- _Problem_:
Write the entries out exactly, with the final line being the one containing "steve neon stranger".

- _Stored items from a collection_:
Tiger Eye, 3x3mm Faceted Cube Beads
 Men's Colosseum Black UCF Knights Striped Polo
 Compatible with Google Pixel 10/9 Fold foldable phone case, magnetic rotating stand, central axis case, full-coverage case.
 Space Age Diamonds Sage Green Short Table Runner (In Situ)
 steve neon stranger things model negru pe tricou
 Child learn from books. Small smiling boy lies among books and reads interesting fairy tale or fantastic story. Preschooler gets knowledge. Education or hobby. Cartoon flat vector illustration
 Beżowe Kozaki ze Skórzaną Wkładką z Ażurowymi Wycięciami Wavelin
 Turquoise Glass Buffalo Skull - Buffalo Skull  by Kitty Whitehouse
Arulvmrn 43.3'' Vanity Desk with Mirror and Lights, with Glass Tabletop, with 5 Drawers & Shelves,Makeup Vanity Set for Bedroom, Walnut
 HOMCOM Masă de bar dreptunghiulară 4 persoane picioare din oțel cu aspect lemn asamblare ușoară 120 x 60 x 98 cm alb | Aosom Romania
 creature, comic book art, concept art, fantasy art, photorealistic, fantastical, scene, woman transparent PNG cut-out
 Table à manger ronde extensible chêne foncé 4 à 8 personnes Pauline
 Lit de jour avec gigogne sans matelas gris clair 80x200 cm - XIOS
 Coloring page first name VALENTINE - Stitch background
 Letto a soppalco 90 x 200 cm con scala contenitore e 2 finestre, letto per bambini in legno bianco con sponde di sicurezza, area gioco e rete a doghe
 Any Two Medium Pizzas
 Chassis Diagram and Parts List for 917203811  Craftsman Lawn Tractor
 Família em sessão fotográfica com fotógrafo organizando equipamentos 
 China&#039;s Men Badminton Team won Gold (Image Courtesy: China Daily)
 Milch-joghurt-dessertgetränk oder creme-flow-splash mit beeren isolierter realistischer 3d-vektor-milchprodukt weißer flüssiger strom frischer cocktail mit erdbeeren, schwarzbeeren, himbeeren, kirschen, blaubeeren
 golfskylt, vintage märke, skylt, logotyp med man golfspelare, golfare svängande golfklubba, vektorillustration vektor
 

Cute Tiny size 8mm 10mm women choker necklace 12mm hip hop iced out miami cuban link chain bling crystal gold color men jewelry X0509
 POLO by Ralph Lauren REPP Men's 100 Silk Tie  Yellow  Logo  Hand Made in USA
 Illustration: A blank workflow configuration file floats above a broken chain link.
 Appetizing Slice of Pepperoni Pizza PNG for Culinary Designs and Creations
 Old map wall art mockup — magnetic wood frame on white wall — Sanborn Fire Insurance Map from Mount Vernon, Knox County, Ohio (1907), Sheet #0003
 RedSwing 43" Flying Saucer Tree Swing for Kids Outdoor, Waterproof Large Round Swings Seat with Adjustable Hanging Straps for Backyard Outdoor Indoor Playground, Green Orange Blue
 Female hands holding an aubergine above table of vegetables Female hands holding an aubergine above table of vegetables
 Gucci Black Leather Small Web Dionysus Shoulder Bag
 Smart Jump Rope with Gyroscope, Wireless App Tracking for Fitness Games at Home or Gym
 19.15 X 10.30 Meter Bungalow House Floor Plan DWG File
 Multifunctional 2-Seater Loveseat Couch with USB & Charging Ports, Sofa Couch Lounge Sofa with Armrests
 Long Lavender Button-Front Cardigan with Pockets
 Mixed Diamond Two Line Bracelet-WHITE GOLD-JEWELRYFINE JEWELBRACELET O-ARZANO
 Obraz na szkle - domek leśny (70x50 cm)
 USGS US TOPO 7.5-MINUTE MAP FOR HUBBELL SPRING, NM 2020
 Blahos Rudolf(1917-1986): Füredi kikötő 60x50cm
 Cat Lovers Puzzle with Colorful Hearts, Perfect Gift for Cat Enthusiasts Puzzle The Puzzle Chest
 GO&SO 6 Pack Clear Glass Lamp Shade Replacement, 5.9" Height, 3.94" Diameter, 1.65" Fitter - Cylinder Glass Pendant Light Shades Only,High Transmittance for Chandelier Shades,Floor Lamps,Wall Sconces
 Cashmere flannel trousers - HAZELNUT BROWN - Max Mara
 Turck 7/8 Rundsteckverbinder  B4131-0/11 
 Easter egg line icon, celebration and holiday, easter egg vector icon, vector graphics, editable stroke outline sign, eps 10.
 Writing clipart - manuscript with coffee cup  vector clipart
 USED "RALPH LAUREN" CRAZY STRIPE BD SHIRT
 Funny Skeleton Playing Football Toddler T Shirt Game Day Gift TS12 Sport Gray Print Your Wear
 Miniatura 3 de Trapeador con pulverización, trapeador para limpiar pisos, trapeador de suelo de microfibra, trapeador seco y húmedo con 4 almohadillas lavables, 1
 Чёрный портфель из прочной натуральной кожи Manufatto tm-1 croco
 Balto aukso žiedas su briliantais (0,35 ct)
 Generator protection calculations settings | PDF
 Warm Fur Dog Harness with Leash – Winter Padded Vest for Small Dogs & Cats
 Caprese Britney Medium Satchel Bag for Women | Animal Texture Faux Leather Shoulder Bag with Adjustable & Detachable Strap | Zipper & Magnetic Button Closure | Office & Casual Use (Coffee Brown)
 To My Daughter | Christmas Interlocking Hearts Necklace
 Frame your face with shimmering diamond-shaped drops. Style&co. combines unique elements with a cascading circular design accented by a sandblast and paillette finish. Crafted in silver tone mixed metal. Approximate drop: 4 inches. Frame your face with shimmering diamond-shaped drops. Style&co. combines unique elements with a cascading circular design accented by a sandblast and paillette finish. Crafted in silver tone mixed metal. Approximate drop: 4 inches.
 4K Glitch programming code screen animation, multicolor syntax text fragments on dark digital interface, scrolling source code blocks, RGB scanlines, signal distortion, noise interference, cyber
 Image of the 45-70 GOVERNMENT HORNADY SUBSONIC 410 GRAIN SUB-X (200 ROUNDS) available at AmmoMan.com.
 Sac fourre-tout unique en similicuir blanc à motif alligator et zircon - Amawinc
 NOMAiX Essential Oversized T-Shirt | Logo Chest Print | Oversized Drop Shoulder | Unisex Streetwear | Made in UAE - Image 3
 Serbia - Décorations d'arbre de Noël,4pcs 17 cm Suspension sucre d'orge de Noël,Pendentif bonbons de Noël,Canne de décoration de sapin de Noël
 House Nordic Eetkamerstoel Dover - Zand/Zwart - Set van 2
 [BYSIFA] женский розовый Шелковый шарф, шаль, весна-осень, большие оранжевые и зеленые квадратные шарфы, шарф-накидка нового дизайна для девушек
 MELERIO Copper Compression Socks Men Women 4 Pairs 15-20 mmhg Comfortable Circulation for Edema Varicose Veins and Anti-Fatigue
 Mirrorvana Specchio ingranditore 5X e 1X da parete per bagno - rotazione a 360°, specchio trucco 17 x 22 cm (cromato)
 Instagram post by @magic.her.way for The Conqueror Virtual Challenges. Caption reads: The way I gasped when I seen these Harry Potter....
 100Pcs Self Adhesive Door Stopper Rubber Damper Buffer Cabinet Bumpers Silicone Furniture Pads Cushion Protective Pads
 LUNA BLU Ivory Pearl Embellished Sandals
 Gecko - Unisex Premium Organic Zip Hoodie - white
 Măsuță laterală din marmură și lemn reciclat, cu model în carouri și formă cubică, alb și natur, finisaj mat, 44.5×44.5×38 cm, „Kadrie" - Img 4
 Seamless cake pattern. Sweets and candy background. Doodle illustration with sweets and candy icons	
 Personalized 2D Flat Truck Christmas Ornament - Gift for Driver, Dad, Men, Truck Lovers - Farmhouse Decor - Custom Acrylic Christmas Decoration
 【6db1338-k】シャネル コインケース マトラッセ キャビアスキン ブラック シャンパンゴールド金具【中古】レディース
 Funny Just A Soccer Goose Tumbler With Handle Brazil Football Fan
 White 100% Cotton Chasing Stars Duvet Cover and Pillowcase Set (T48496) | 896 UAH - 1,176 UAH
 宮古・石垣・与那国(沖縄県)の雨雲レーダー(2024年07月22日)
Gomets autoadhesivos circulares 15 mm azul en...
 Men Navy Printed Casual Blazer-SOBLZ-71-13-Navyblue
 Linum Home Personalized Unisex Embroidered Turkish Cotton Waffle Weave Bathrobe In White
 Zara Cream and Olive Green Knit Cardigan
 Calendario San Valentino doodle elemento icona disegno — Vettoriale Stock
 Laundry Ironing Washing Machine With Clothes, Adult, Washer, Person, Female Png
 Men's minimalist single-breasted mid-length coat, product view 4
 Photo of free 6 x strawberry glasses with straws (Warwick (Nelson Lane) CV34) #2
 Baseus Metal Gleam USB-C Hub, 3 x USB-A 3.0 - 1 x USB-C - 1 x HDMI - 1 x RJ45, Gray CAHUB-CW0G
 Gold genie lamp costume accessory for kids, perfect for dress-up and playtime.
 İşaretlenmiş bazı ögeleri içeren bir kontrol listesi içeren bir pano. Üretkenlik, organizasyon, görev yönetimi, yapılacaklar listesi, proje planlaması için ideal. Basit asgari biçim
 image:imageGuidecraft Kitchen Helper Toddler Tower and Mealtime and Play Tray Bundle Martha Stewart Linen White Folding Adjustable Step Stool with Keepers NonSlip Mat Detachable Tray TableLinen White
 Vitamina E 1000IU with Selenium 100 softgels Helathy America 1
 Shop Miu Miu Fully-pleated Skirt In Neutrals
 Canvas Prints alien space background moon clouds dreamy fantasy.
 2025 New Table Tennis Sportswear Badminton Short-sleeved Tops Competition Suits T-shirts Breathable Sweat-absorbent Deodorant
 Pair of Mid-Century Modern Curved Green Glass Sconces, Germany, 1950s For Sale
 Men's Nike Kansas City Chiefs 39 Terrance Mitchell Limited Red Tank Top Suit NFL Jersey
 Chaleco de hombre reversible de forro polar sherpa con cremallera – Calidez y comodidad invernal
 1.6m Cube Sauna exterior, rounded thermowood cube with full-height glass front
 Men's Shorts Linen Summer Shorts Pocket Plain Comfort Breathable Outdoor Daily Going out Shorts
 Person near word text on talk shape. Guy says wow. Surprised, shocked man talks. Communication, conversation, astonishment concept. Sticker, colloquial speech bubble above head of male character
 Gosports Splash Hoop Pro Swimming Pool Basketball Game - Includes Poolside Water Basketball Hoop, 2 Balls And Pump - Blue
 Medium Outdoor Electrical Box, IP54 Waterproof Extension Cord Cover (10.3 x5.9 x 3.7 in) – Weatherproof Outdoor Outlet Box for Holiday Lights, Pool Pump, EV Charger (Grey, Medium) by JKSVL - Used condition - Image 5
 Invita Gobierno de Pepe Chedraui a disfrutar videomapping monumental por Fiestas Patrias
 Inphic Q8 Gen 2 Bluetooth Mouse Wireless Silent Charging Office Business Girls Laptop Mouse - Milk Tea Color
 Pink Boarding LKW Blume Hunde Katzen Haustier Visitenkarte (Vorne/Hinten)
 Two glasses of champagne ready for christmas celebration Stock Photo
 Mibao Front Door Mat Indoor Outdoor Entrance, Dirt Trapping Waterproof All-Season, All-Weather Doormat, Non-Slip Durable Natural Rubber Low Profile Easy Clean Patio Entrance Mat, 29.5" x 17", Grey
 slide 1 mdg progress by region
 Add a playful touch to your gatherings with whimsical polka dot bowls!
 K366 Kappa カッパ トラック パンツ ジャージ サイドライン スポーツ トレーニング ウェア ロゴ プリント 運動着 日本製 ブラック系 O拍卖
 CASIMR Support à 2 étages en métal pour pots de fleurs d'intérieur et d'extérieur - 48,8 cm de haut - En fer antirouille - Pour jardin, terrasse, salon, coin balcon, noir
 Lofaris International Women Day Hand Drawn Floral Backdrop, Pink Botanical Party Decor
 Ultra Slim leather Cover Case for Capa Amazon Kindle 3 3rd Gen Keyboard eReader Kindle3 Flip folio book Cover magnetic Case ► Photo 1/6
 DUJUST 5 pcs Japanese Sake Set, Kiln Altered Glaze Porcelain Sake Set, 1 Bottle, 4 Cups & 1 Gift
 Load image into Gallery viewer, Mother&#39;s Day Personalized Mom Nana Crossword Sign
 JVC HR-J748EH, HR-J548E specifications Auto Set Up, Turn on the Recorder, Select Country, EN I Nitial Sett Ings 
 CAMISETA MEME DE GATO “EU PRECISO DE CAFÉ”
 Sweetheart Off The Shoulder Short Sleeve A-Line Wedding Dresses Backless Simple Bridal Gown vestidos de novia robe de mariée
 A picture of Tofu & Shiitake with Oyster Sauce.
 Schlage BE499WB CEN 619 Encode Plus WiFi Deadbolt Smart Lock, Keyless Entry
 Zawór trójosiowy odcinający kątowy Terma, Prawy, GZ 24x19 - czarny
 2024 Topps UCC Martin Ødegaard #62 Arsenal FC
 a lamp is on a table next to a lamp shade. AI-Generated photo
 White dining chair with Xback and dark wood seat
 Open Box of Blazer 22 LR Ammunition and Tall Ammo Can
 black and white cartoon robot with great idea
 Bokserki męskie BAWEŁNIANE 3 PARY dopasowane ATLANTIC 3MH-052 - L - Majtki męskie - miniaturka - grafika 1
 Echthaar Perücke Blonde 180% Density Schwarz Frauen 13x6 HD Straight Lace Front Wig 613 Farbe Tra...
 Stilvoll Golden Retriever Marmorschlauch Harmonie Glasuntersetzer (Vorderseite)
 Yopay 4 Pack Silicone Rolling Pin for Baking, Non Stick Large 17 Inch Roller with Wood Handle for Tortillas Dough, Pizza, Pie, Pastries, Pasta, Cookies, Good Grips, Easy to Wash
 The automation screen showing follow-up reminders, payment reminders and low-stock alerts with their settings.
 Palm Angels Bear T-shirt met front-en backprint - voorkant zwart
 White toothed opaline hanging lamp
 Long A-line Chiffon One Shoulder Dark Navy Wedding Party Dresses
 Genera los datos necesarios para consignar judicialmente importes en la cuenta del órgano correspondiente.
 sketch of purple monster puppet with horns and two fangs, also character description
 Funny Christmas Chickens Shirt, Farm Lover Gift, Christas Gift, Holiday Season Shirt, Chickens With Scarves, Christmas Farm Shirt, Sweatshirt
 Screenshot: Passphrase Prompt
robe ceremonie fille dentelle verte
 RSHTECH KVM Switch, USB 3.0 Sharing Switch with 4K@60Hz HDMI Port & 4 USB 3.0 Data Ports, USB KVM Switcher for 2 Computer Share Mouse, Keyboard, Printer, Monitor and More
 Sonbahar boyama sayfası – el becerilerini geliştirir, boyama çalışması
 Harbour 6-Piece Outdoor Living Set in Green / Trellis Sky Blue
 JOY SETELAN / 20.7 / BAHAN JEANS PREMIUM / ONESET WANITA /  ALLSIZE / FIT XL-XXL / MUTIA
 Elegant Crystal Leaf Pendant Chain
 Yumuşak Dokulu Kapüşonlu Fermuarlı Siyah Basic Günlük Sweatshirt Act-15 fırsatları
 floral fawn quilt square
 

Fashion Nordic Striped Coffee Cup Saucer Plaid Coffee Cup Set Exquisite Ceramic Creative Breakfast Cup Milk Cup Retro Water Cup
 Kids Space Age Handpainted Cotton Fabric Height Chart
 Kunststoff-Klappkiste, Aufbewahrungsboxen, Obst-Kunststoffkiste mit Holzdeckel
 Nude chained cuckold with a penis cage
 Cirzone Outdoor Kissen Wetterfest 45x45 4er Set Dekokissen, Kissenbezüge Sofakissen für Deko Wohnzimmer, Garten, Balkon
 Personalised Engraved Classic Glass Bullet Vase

- _Task response_:
Tiger Eye, 3x3mm Faceted Cube Beads
 Men's Colosseum Black UCF Knights Striped Polo
 Compatible with Google Pixel 10/9 Fold foldable phone case, magnetic rotating stand, central axis case, full-coverage case.
 Space Age Diamonds Sage Green Short Table Runner (In Situ)
 steve neon stranger things model negru pe tricou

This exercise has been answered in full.